---- Available data
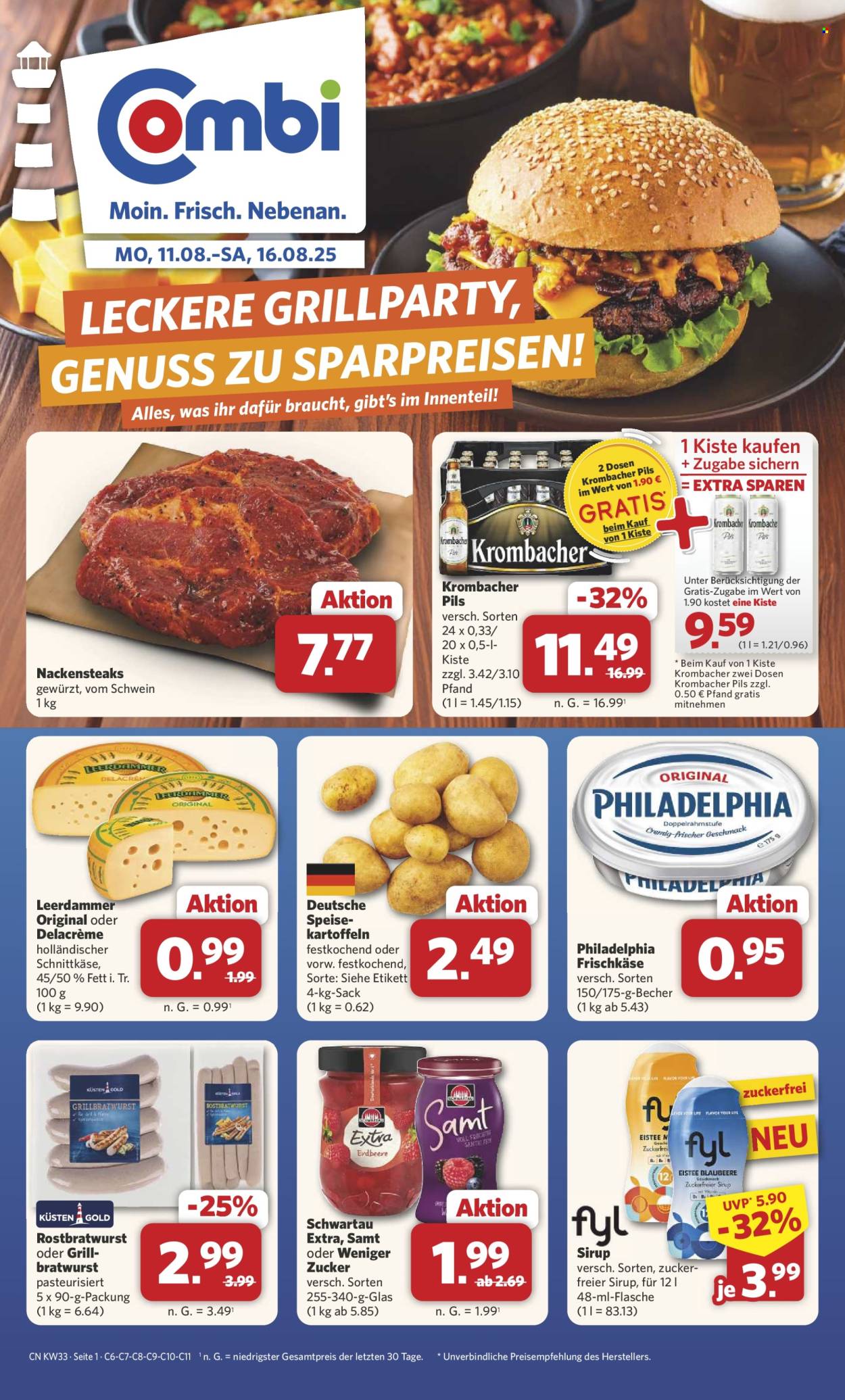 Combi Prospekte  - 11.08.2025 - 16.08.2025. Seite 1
--------
---- Available data
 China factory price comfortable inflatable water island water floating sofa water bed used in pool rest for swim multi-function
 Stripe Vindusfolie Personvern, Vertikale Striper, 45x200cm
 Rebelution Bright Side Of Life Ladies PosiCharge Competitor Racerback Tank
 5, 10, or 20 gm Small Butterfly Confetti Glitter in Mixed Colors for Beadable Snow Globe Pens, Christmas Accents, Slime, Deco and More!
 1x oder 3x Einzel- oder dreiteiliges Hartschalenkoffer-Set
--------
» **Task instructions**:
Each line in the listing above from the one containing "5, 10, or 20" through the one containing "1x oder 3x Einzel- oder" should be repeated exactly, and no other line.

» **Answer section**:
 5, 10, or 20 gm Small Butterfly Confetti Glitter in Mixed Colors for Beadable Snow Globe Pens, Christmas Accents, Slime, Deco and More!
 1x oder 3x Einzel- oder dreiteiliges Hartschalenkoffer-Set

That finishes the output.